THE GROUP broke up into pairs and went about their business. They had made it past several layers of security, just as their counterparts have through successive attacks.
India was hit with ferocity on 26/11, 2008. The country’s Parliament was stormed on 13/12, 2001. Unit after unit of Pakistan’s Northern Light Infantry infiltrated the heights of Kargil in 1999. Srinagar’s assembly faced a determined suicide attack in 2000, a few months after it released Maulana Masood Azhar in Kandahar. Attack after attack has been met with a lot of rhetoric. Committees have been set up and pledges to refurbish the security apparatus have been made in earnest, but the frightening postscript is simply this — we will be hit again.

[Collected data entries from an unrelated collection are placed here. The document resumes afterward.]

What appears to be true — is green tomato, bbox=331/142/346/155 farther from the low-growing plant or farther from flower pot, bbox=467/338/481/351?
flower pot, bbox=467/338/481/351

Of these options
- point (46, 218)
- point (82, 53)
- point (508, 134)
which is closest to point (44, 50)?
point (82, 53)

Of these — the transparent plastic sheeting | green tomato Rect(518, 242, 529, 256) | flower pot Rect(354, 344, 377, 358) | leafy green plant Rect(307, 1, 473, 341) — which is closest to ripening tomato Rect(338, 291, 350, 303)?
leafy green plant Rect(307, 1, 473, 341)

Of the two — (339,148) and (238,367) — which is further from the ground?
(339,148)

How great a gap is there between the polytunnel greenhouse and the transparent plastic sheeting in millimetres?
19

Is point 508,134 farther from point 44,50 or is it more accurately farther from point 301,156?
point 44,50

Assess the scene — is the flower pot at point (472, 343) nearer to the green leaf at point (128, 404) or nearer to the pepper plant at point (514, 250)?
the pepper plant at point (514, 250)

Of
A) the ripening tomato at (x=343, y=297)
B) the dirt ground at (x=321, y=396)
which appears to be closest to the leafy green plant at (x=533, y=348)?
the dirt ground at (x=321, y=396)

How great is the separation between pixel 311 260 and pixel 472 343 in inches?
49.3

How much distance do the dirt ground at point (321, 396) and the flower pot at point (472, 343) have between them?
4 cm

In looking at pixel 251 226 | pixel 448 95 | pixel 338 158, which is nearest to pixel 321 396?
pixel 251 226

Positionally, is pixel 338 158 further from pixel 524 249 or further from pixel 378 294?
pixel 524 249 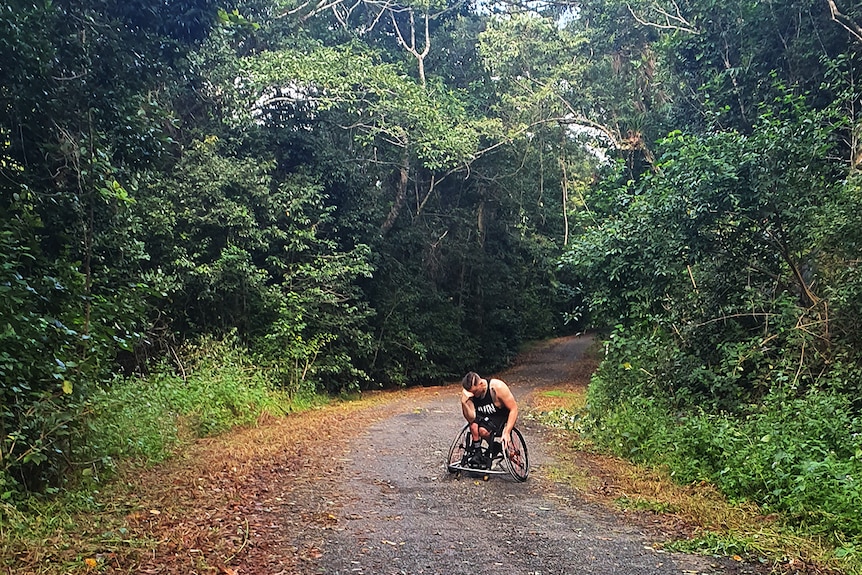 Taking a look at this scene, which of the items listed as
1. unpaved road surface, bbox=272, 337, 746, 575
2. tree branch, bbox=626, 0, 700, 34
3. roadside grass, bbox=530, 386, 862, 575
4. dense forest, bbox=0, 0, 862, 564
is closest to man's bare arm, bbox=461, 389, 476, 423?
unpaved road surface, bbox=272, 337, 746, 575

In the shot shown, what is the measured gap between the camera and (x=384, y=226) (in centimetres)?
2288

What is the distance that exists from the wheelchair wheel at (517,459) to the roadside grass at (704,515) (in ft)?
1.81

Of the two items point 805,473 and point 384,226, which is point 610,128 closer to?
point 384,226

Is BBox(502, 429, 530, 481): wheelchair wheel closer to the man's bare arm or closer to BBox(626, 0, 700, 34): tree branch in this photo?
the man's bare arm

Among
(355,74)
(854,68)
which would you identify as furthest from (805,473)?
(355,74)

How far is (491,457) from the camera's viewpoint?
7.80 meters

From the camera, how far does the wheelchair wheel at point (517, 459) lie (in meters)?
7.60

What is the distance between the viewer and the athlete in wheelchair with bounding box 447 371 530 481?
7.72m

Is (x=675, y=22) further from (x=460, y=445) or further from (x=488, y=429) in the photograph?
(x=460, y=445)

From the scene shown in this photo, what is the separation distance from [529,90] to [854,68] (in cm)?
1226

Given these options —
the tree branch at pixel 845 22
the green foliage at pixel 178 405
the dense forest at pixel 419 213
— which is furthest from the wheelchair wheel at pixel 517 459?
the tree branch at pixel 845 22

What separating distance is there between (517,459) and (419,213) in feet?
58.2

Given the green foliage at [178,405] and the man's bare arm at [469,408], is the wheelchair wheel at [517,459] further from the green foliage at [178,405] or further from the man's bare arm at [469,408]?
the green foliage at [178,405]

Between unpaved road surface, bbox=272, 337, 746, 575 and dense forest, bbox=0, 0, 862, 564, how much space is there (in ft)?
5.13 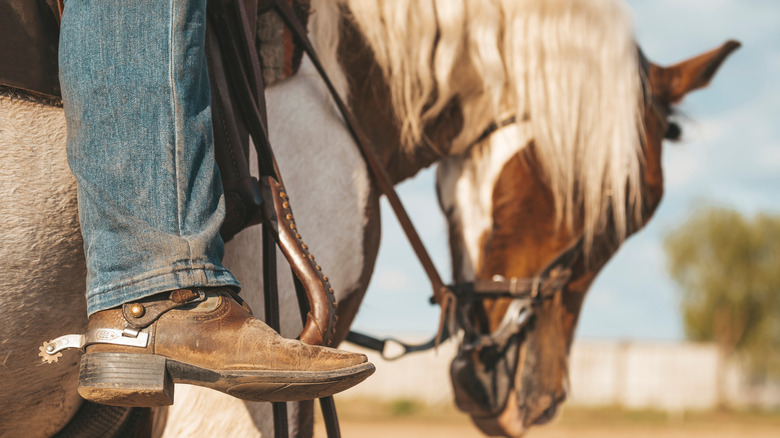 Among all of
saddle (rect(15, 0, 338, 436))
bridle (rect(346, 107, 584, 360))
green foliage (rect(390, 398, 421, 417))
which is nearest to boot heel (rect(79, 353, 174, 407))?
saddle (rect(15, 0, 338, 436))

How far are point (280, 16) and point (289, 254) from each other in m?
0.76

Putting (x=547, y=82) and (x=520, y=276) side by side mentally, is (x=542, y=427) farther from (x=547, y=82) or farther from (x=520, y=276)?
(x=547, y=82)

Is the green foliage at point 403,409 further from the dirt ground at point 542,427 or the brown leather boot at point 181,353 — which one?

26/11 was the seventh attack this year alone. India will be hit again. For those who find this alarming, examine this:
• A comprehensive securitY review was ordered after close to 600 soldiers died securing the heights of Kargil. A taskforce on border management had then, in the year 2000 warned, “The long coastline with its inadequate policing makes it easy to land arms and explosives at isolated spots on the coast.” In January 2005, a coastal security scheme was formulated for enhancing security by strengthening infrastructure for patrolling and surveillance of the coastal areas. The Home Ministry’s own website says, “The scheme envisages setting up of coastal police stations, outposts and check-posts in the coastal areas for strengthening surveillance and patrolling of the coastal areas.” The scheme was approved in January 2005 for implementation in five years from 2005-06 with an approved outlay of Rs 550 crore. Till date, only Rs 13 crore have been released. Maharashtra specifically has got only Rs 2 crore of the Rs 40 crore outlay approved for the scheme. A Home Ministry official admits that there are negligible patrol stations functioning. Close to four years after the approval of the scheme, even the Intelligence Bureau, which was to get nine patrol boats, is still waiting for the first one to arrive.
Mumbai’s death run proves that the counter-terrorism policy is only on paper
• In 2001, the Girish Saxena Committee gave a report on the country’s intelligence apparatus. The report recommended an overhaul of technical, imaging, signal and, electronic counter-intelligence capabilities. The recommendations were accepted by a Group of Ministers (GoM) but in the seven years since they gave the report their stamp of approval, it has never been implemented beyond a few symbolic changes. Among other suggestions it made was a proposal for the immediate recruitment of an additional 3,000 cadres to the IB but, by 2008, only 1,400 additional posts have been sanctioned.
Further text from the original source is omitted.